T1DM incidence differs also by age groups. It is known that the incidence shows a peak generally in the peripubertal period (10-14-year age group). However, currently there are several studies from Turkey and from other countries which report T1DM diagnosis in patients of a younger age (4,21,34,35,36). The peak incidence of the disease is reported to occur in the 5-9-year age group in some countries, especially those where T1DM is more frequently encountered, such as Finland and Sweden (4,25,36). Excluding African countries, the disease peaks generally earlier in girls than boys (37). In our study also, age of peak incidence was 5-9 years, but this finding was due to the higher numbers of girl patients and the earlier age at onset of T1DM in girls. Peak incidence age was reported as 10-14 years in studies from Turkey, but small peaks at earlier ages have also been reported in these studies (38,39).

Although female/male ratio in T1DM patients is generally reported to be equal, there are a number of studies which report that the condition might be slightly frequent either in boys or in girls (10). Overall, the frequency is reported to be higher in boys from high incidence countries and higher in girls from low incidence countries (40,41,42). Our results appear to be in line with the literature data.

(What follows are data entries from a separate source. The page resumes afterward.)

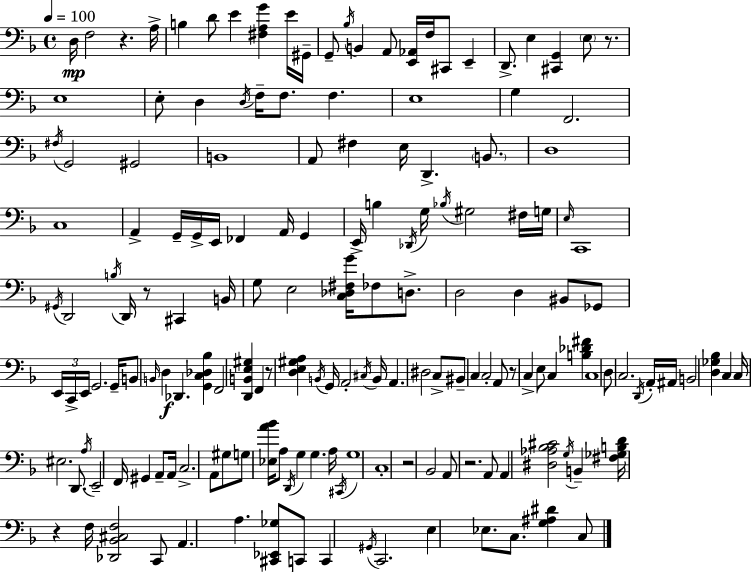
D3/s F3/h R/q. A3/s B3/q D4/e E4/q [F#3,A3,G4]/q E4/s G#2/s G2/e Bb3/s B2/q A2/e [E2,Ab2]/s F3/s C#2/e E2/q D2/e. E3/q [C#2,G2]/q E3/e R/e. E3/w E3/e D3/q D3/s F3/s F3/e. F3/q. E3/w G3/q F2/h. F#3/s G2/h G#2/h B2/w A2/e F#3/q E3/s D2/q. B2/e. D3/w C3/w A2/q G2/s G2/s E2/s FES2/q A2/s G2/q E2/s B3/q Db2/s G3/s Bb3/s G#3/h F#3/s G3/s E3/s C2/w G#2/s D2/h B3/s D2/s R/e C#2/q B2/s G3/e E3/h [C3,Db3,F#3,G4]/s FES3/e D3/e. D3/h D3/q BIS2/e Gb2/e E2/s C2/s E2/s G2/h. G2/s B2/e B2/s D3/q Db2/q. [G2,C3,Db3,Bb3]/q F2/h [D2,B2,E3,G#3]/q F2/q R/e [D3,E3,G#3,A3]/q B2/s G2/s A2/h C#3/s B2/s A2/q. D#3/h C3/e BIS2/e C3/q C3/h A2/e R/e C3/q E3/e C3/q [B3,Db4,F#4]/q C3/w D3/e C3/h. D2/s A2/s A#2/s B2/h [D3,Gb3,Bb3]/q C3/q C3/s EIS3/h. D2/e. A3/s E2/h F2/s G#2/q A2/e A2/s C3/h. A2/e G#3/e G3/e [Eb3,A4,Bb4]/s A3/e D2/s G3/q G3/q. A3/s C#2/s G3/w C3/w R/h Bb2/h A2/e R/h. A2/e A2/q [D#3,Ab3,Bb3,C#4]/h G3/s B2/q [F#3,Gb3,B3,D4]/s R/q F3/s [Db2,Bb2,C#3,F3]/h C2/e A2/q. A3/q. [C#2,Eb2,Gb3]/e C2/e C2/q G#2/s C2/h. E3/q Eb3/e. C3/e. [G3,A#3,D#4]/q C3/e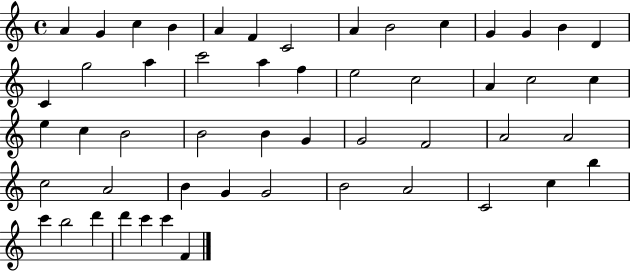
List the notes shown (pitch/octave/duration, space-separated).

A4/q G4/q C5/q B4/q A4/q F4/q C4/h A4/q B4/h C5/q G4/q G4/q B4/q D4/q C4/q G5/h A5/q C6/h A5/q F5/q E5/h C5/h A4/q C5/h C5/q E5/q C5/q B4/h B4/h B4/q G4/q G4/h F4/h A4/h A4/h C5/h A4/h B4/q G4/q G4/h B4/h A4/h C4/h C5/q B5/q C6/q B5/h D6/q D6/q C6/q C6/q F4/q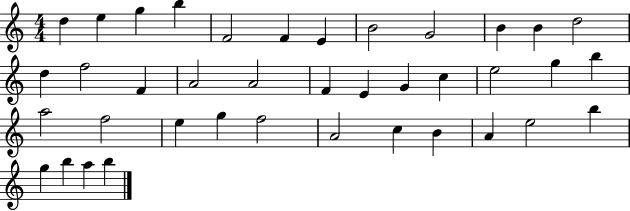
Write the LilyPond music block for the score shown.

{
  \clef treble
  \numericTimeSignature
  \time 4/4
  \key c \major
  d''4 e''4 g''4 b''4 | f'2 f'4 e'4 | b'2 g'2 | b'4 b'4 d''2 | \break d''4 f''2 f'4 | a'2 a'2 | f'4 e'4 g'4 c''4 | e''2 g''4 b''4 | \break a''2 f''2 | e''4 g''4 f''2 | a'2 c''4 b'4 | a'4 e''2 b''4 | \break g''4 b''4 a''4 b''4 | \bar "|."
}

As to the clinical characteristics of our patients at presentation, DKA was found to be at a high rate of 65%. This ratio was higher than the DKA rates reported in cross-sectional studies (33% and 43.1%)from Turkey (38,39,43)and from European countries (12,26,44,45). It has also been reported that the rate of presentation with DKA tends to decrease over time due to increased awareness on the part of the parents (45,46,47). Nearly all of our patients in the 0-4-year age group (87.5%) presented with DKA, and presentation with DKA was higher in our study compared to other reports from Turkey. Having no social security coverage was stated as one reason for high rate of presentation with DKA in Turkey. This was not true for our patients since all had social security coverage. The high rate of DKA at presentation might have been due to the low socioeconomic structure of the region as a whole. In line with this reasoning, the DKA rate was higher in patients from villages compared to those from the city center, although the difference was not statistically significant. Rate of presentation with DKA was lower in patients with a family history of DM, supporting the notion that awareness of diabetes might have an effect in decreasing presentation with DKA. Pubertal status or season had no effect on DKA rates.

In conclusion, T1DM incidence among children in the 0-14-year age group was determined as 7.2/105 in Diyarbakir, which is one of the biggest cities in the Southeast region of Turkey. Further local incidence studies as well as large scale studies covering the whole country should be conducted to define the nationwide T1DM incidence and related health data in Turkey.